- [PROVIDED DATA]:
━━━━━━━━━━

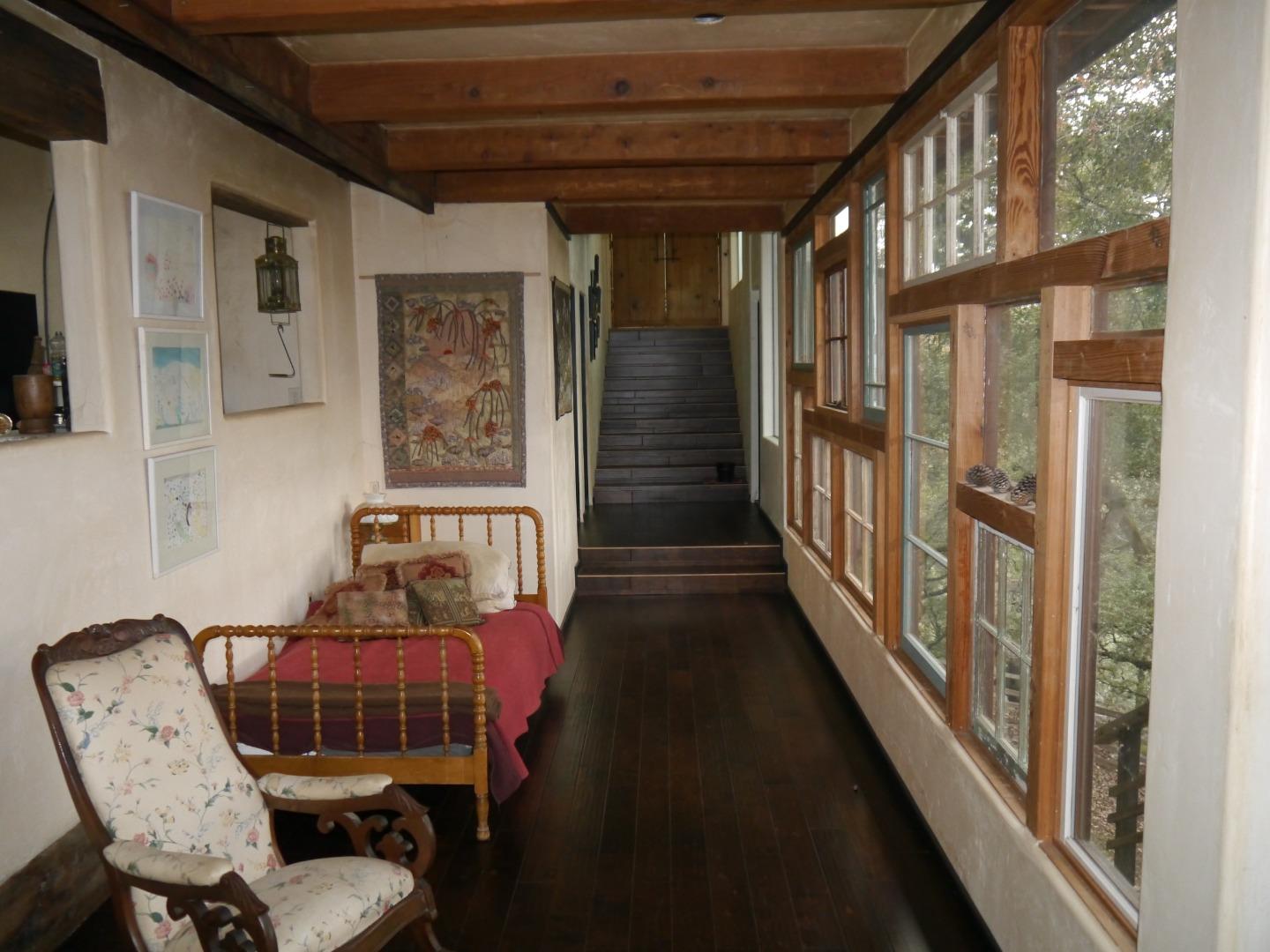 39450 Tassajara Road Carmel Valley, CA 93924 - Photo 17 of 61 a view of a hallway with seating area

━━━━━━━━━━

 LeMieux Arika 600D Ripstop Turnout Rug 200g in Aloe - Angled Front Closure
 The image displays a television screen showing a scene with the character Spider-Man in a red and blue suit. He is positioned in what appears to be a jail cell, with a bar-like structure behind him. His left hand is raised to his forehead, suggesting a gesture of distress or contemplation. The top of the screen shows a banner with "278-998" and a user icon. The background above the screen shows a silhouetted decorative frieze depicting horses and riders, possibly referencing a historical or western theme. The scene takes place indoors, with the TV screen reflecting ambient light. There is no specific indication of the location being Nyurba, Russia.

━━━━━━━━━━

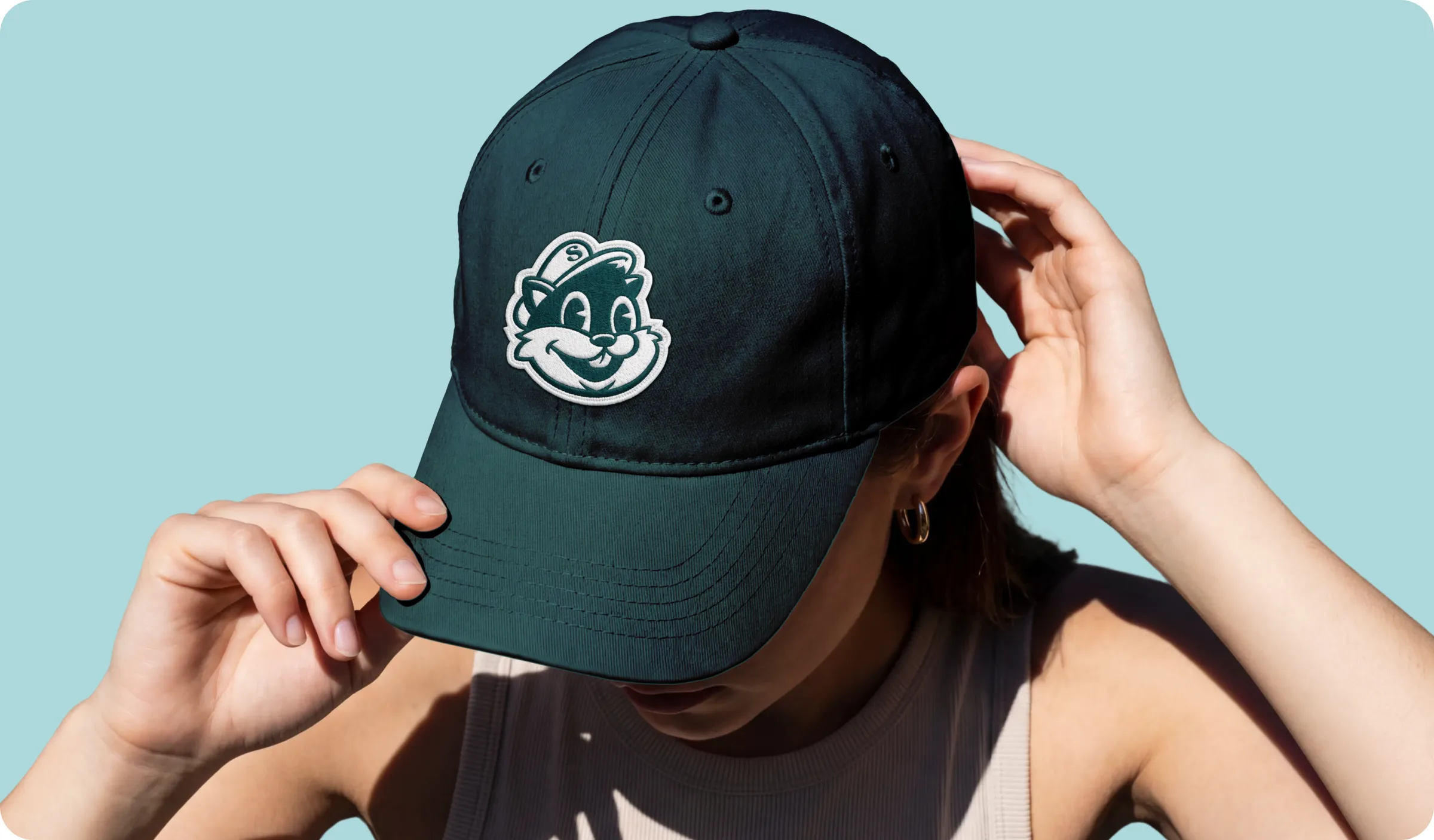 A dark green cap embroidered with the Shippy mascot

━━━━━━━━━━

- [AIM OF THE EXERCISE]: When you reach the line with "LeMieux Arika 600D" in the records above, start writing out lines exactly, and stop once the line with "The image displays" has been written; include nothing else.

- [WRITTEN ANSWER]:
 LeMieux Arika 600D Ripstop Turnout Rug 200g in Aloe - Angled Front Closure
 The image displays a television screen showing a scene with the character Spider-Man in a red and blue suit. He is positioned in what appears to be a jail cell, with a bar-like structure behind him. His left hand is raised to his forehead, suggesting a gesture of distress or contemplation. The top of the screen shows a banner with "278-998" and a user icon. The background above the screen shows a silhouetted decorative frieze depicting horses and riders, possibly referencing a historical or western theme. The scene takes place indoors, with the TV screen reflecting ambient light. There is no specific indication of the location being Nyurba, Russia.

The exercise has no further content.